**What the task asks**
Copy the lines below, word for word, from the first through the line containing "408 E Exchange St, Spring Lake, MI 49456". Leave the pictures out.

**Data**

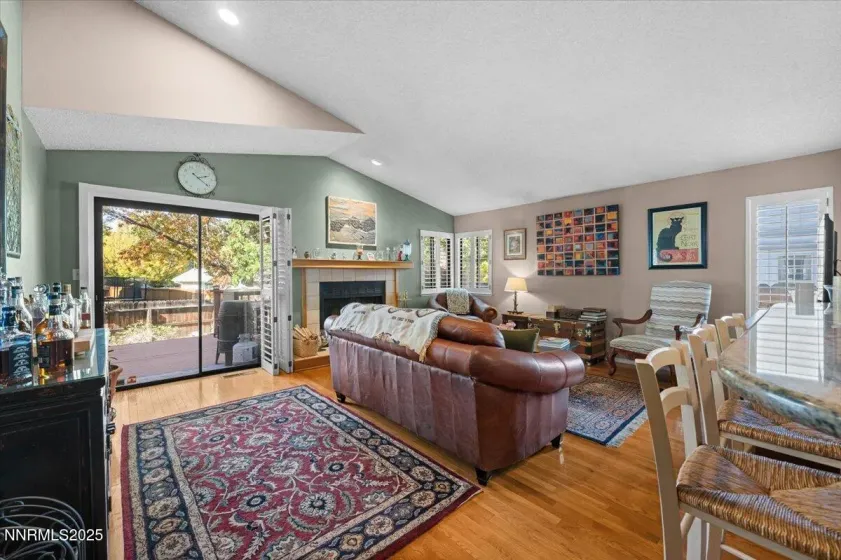 3945 Falling Water, Reno, Nevada 89519, 3 Bedrooms Bedrooms, ,2 BathroomsBathrooms,Residential,Residential,Falling Water,250057639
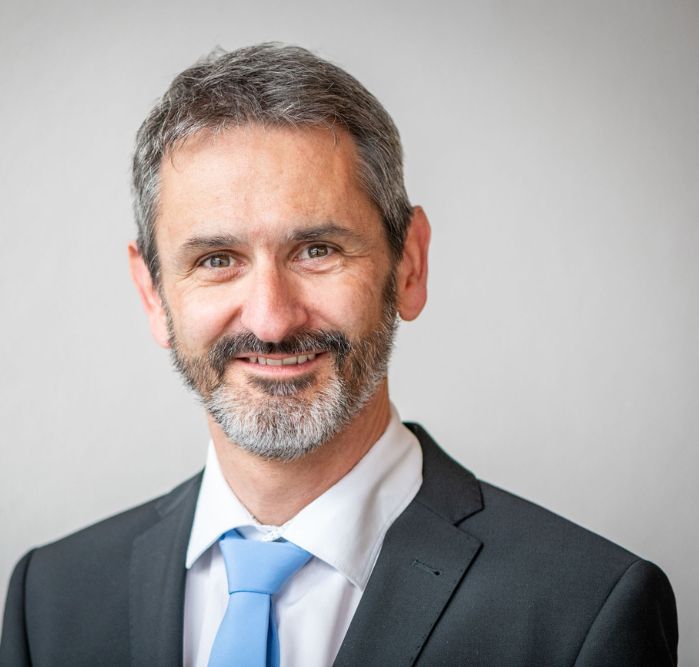 Roberto Imoberdorf neuer Präfekt des Bezirks Goms, Jürg Hallenbarter neuer VizepräfektenFredy Huber geht, Nachfolger tritt am 1. Juli sein Amt an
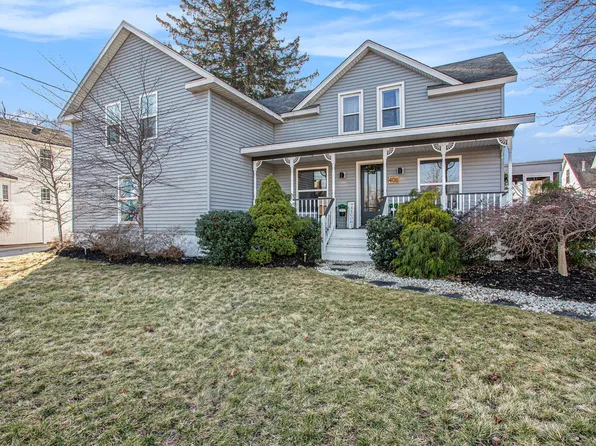 408 E Exchange St, Spring Lake, MI 49456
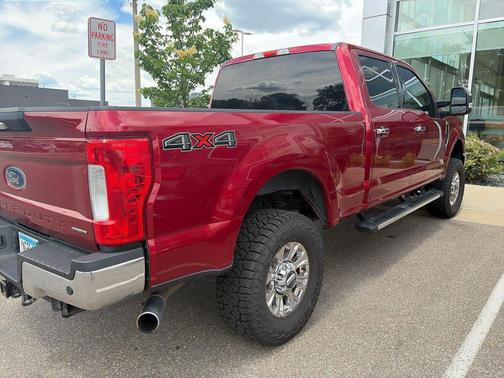Ruby Red Metallic Tinted Clearcoat 2017 Ford F-350 XLT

**Answer**
 3945 Falling Water, Reno, Nevada 89519, 3 Bedrooms Bedrooms, ,2 BathroomsBathrooms,Residential,Residential,Falling Water,250057639
 Roberto Imoberdorf neuer Präfekt des Bezirks Goms, Jürg Hallenbarter neuer VizepräfektenFredy Huber geht, Nachfolger tritt am 1. Juli sein Amt an
 408 E Exchange St, Spring Lake, MI 49456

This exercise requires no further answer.